%%

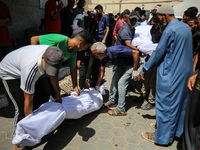 Palestinian mourners are carrying the body of a victim of Israeli bombardment outside a hospital in Deir el-Balah, in the central Gaza Strip...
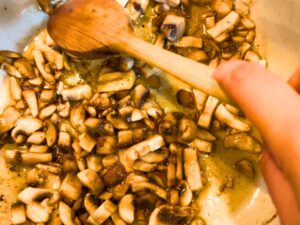 Sliced mushrooms frying in a pot.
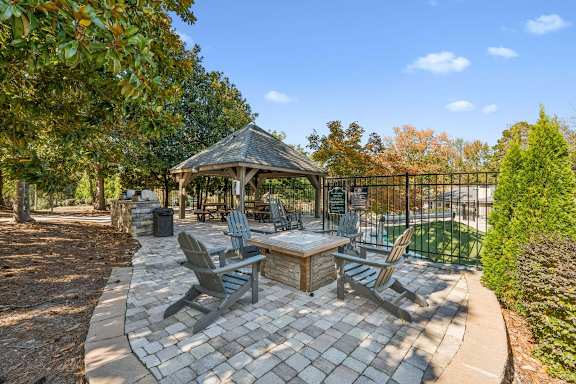 A gazebo is surrounded by chairs and a table in a backyard. at Park Ridge Estates, Durham, 27713
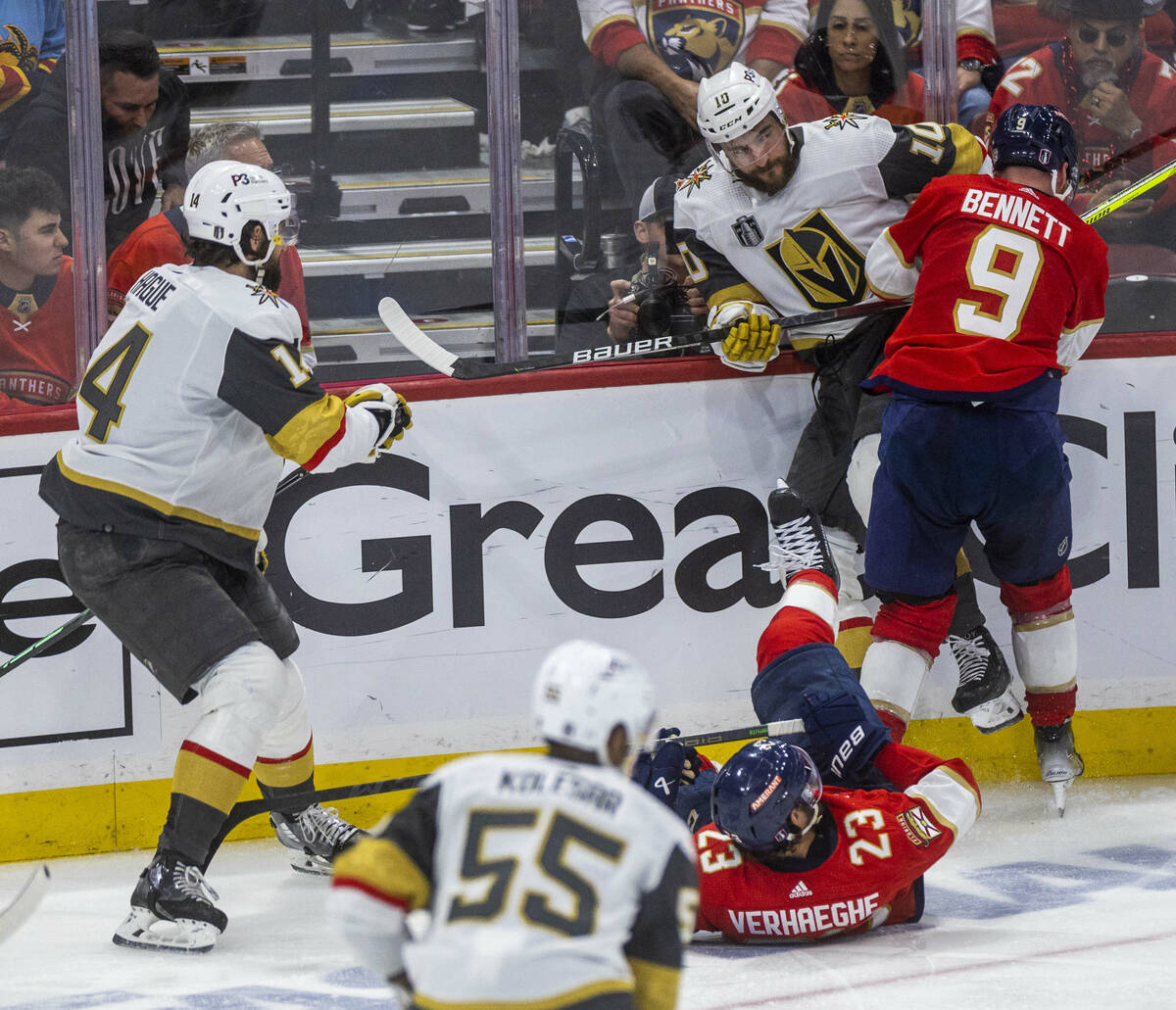 Golden Knights center Nicolas Roy (10) is checked into the boards by Florida Panthers center Sa ...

%%

What the exercise asks:
Beginning with the line that contains "A gazebo is" and ending with the last line of the data, restate each line word for word. Exclude the pictures.

Answer space:
 A gazebo is surrounded by chairs and a table in a backyard. at Park Ridge Estates, Durham, 27713
 Golden Knights center Nicolas Roy (10) is checked into the boards by Florida Panthers center Sa ...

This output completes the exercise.